Alors que les négociations salariales semblaient réglées, un nouvel obstacle surgit dans ce dossier d’Adam Ounas.
Le feuilleton Adam Ounas, l’attaquant international algérien, a connu plusieurs étapes marquantes depuis son ouverture. Au début des pourparlers, les prétentions financières formulées par le clan du joueur s’élevaient à un salaire mensuel de 100 000 euros.
Il réclamait 100 00€/mois, le MCA est monté jusqu’à 80 000€/mois
Face à cette exigence particulièrement élevée, la direction algéroise avait répliqué en soumettant une première contre-proposition arrêtée à 75 000 euros, une offre rapidement repoussée par l'ancien Lillois. Soucieux de prouver leur réelle détermination à concrétiser cette transaction majeure du mercato, les décideurs du Doyen sont très vite revenus à la charge avec un effort financier supplémentaire, proposant cette fois la somme de 80 000 euros par mois.
Finalement, il a accepté l’offre
Après une période de réflexion nécessaire pour analyser cette ultime formulation, Adam Ounas a finalement donné son feu vert pour cette base salariale, permettant de lever le premier grand blocage financier des discussions. Cet avancement significatif a d'ailleurs été publiquement officialisé jeudi dernier par le manager général et porte-parole du club, Djamel Benlamri, qui a confirmé lors de son passage média l'existence de ces négociations avancées avec le joueur.

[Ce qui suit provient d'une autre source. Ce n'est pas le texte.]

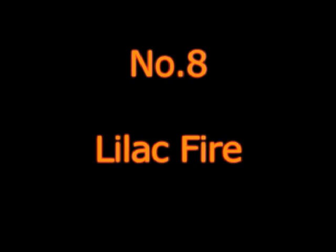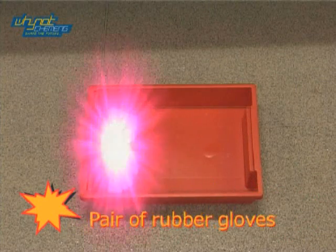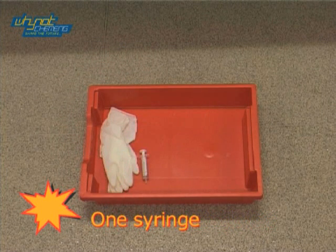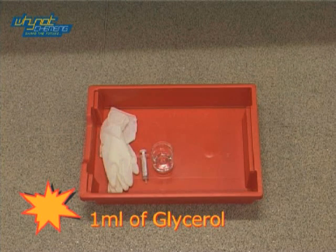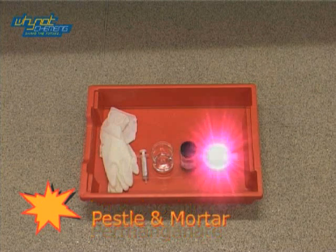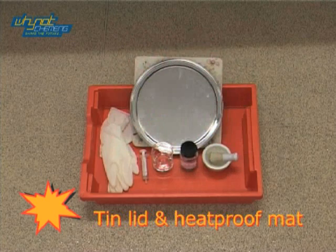Number 8 on our Top 10 list is Lilac Fire. For this demonstration you will need a pair of rubber gloves, one syringe, glycerol, three grams of potassium permanganate, distilled water, and a tin lid and heat proof mat.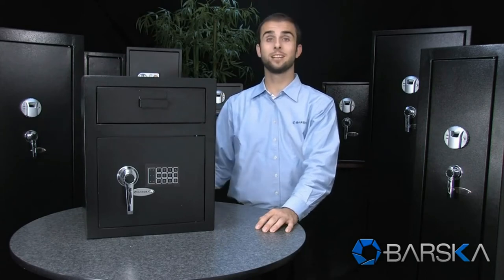So if you're looking for a strong, reliable safe to secure your money or other valuables in, be sure to check out Barska's new large depository safe. My name is Ryan. Thanks for watching.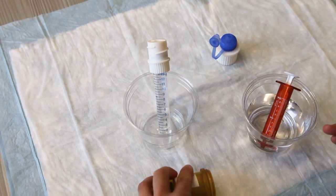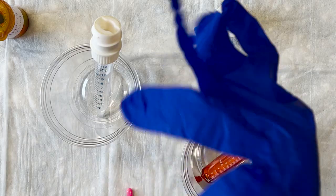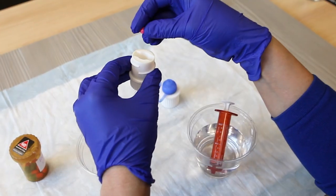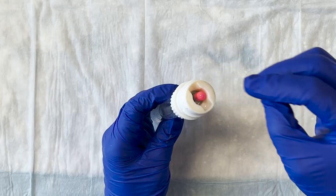Screw the adapter body from the capsule shredder onto the tube and place it in the empty cup. Open the medicine bottle and remove a capsule. Put the lid back on the bottle as soon as possible. Next, put on the gloves. Place the capsule horizontally into the rectangular hole — it should fit easily. Do not place it in vertically.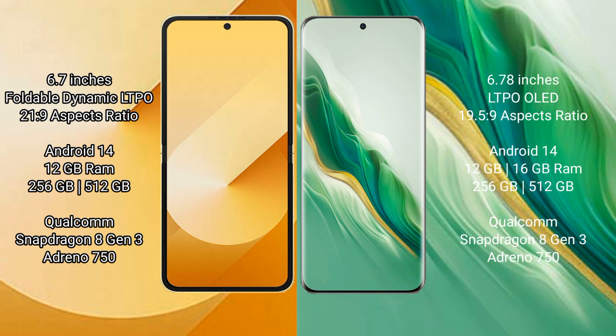Samsung Galaxy Z Flip 6 runs on the Android 14 operating system. Honor Magic 6 also runs on the Android 14 operating system.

La prise de parole de Benlamri rassurante
Cette prise de parole du dirigeant mouloudéen laissait augurer une issue imminente et favorable pour le public algérois, impatient de voir Ounas porter le maillot vert et rouge pour la nouvelle saison. Cependant, au moment où la signature semblait imminente, un nouveau point de discorde est venu paralyser l’opération. Selon nos informations recueillies auprès de sources très proches du dossier, le blocage ne concerne plus du tout le salaire mensuel.
Adam réclame maintenant une forme prime à la signature
En effet, si tout est désormais validé par toutes les parties, le litige porte exclusivement sur la prime de signature. Le montant réclamé par le joueur pour poser officiellement son paraphe au bas du contrat est jugé excessivement élevé par le conseil d’administration du Mouloudia. La direction maintient fermement sa position.
Le MCA attend un geste concessionnel
Le Mouloudia attend désormais un geste concessionnel de l'attaquant pour débloquer administrativement ce dossier complexe. La concrétisation de cette arrivée prestigieuse dépend désormais exclusivement d’un compromis rapide autour de cette fameuse prime d’engagement. Les deux parties doivent trouver un terrain d’entente pour s’assurer qu’Adem Ounas s’engage avec le Mouloudia d’Alger. On verra si ce nouveau blocage sera réglé ou pas.